Introduction

Diabetes mellitus and its complications remain a leading cause of death and pose a great economic burden worldwide [1, 2]. According to the International Diabetes Federation’s estimation, 536.6 million adults (20–79 years old) suffered from diabetes, with that number expected to rise to 783.2 million by 2045 [3]. Another source of concern is the high proportion of undiagnosed diabetes (44.7%, 239.7 million) [4]. The unawareness of diabetes results in a lack of appropriate and timely care. It’s urgent to know the characteristics of patients with undiagnosed diabetes and enroll them in standard diabetes care to prevent or delay the development of complications.

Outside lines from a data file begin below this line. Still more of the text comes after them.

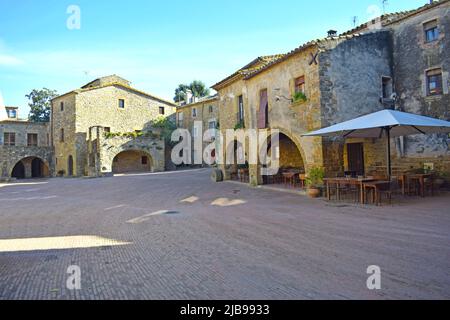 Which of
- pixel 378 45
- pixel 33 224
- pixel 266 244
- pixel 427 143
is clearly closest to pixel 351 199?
pixel 427 143

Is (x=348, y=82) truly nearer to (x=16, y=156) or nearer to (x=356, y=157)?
(x=356, y=157)

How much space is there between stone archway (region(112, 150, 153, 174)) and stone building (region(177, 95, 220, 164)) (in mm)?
6433

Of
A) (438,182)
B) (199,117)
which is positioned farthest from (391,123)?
(199,117)

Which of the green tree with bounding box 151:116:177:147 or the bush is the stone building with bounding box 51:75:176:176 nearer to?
the green tree with bounding box 151:116:177:147

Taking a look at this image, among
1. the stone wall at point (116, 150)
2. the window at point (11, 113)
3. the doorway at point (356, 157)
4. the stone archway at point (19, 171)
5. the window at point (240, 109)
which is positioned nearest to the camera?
the doorway at point (356, 157)

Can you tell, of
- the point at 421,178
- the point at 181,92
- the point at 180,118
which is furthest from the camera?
the point at 181,92

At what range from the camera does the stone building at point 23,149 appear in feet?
90.2

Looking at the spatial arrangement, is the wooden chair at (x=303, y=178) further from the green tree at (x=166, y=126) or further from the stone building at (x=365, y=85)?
the green tree at (x=166, y=126)

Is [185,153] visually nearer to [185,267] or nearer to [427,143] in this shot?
[427,143]

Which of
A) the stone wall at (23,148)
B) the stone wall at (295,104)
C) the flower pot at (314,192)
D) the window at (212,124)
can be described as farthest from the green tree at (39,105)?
the flower pot at (314,192)

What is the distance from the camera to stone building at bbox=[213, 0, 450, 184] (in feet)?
36.5

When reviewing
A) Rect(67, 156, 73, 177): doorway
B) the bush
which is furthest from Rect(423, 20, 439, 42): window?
Rect(67, 156, 73, 177): doorway

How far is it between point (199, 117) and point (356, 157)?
2375 cm

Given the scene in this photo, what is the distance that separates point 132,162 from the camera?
100ft
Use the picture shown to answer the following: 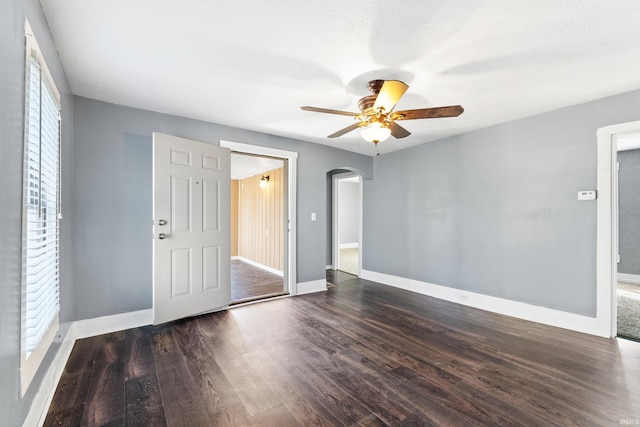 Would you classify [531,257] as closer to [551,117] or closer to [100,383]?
[551,117]

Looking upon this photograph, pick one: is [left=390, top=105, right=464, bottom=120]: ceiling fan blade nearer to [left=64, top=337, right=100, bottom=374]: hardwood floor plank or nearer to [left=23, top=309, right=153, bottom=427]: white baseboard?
[left=23, top=309, right=153, bottom=427]: white baseboard

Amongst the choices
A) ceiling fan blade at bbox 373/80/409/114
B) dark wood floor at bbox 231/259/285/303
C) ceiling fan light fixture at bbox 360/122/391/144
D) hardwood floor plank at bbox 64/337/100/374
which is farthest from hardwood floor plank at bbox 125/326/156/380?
ceiling fan blade at bbox 373/80/409/114

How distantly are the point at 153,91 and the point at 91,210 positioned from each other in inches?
54.1

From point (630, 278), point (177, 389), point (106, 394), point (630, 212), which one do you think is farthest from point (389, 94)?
point (630, 278)

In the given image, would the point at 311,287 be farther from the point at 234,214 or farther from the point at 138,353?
the point at 234,214

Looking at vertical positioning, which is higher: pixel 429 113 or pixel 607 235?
pixel 429 113

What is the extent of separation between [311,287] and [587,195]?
142 inches

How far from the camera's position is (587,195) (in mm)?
2918

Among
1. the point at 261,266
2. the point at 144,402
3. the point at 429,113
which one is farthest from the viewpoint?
the point at 261,266

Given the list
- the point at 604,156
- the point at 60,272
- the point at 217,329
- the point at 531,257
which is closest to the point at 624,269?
the point at 531,257

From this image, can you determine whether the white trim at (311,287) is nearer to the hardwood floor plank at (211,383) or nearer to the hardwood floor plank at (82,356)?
the hardwood floor plank at (211,383)

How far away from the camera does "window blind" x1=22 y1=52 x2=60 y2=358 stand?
4.62 feet

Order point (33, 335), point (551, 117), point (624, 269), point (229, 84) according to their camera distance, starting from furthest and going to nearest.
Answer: point (624, 269) → point (551, 117) → point (229, 84) → point (33, 335)

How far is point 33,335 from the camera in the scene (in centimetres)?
148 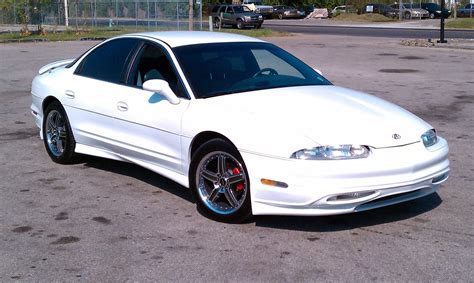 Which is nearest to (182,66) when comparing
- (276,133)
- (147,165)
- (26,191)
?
(147,165)

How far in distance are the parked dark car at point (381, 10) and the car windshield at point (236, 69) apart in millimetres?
63484

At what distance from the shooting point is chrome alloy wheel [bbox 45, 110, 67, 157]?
754cm

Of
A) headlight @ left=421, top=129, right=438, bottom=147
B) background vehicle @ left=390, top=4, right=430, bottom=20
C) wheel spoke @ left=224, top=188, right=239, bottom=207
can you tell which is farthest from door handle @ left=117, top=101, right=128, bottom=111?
background vehicle @ left=390, top=4, right=430, bottom=20

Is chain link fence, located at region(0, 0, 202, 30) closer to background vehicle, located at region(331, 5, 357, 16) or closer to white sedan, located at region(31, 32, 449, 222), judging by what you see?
white sedan, located at region(31, 32, 449, 222)

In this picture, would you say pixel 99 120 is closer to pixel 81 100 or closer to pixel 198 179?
pixel 81 100

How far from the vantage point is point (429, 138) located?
18.5 ft

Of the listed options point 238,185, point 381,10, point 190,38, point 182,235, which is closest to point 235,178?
point 238,185

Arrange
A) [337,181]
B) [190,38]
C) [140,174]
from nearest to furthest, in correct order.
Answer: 1. [337,181]
2. [190,38]
3. [140,174]

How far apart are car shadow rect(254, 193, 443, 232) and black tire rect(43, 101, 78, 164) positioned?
274cm

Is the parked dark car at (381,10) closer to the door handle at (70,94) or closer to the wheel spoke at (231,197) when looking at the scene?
the door handle at (70,94)

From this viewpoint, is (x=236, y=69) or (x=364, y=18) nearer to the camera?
(x=236, y=69)

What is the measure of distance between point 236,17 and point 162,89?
138 ft

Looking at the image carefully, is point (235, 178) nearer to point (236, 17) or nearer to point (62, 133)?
point (62, 133)

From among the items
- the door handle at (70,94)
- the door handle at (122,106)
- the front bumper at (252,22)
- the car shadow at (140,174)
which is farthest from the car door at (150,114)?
the front bumper at (252,22) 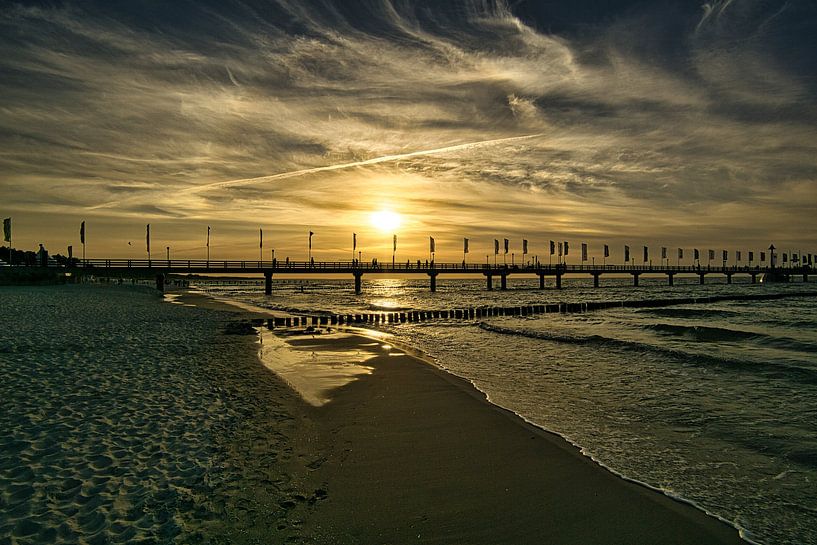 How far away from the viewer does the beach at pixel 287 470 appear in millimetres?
5137

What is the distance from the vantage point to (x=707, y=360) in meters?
18.0

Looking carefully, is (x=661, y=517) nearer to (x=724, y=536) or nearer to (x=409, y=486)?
(x=724, y=536)

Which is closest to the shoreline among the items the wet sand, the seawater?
the wet sand

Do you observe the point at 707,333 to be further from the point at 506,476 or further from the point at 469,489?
the point at 469,489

Nutrient intake and dietary patterns have been proven to be related with the risk of diabetes, which is also a significant part of lifestyle intervention in diabetes management [5]. For instance, the Mediterranean diet has been reported to be strongly correlated with a lower risk of diabetes [6]. On the contrary, some foods or characteristics such as processed red meat, sugar-sweetened beverages, and high dietary inflammatory potential were associated with an increased risk of diabetes [7,8,9].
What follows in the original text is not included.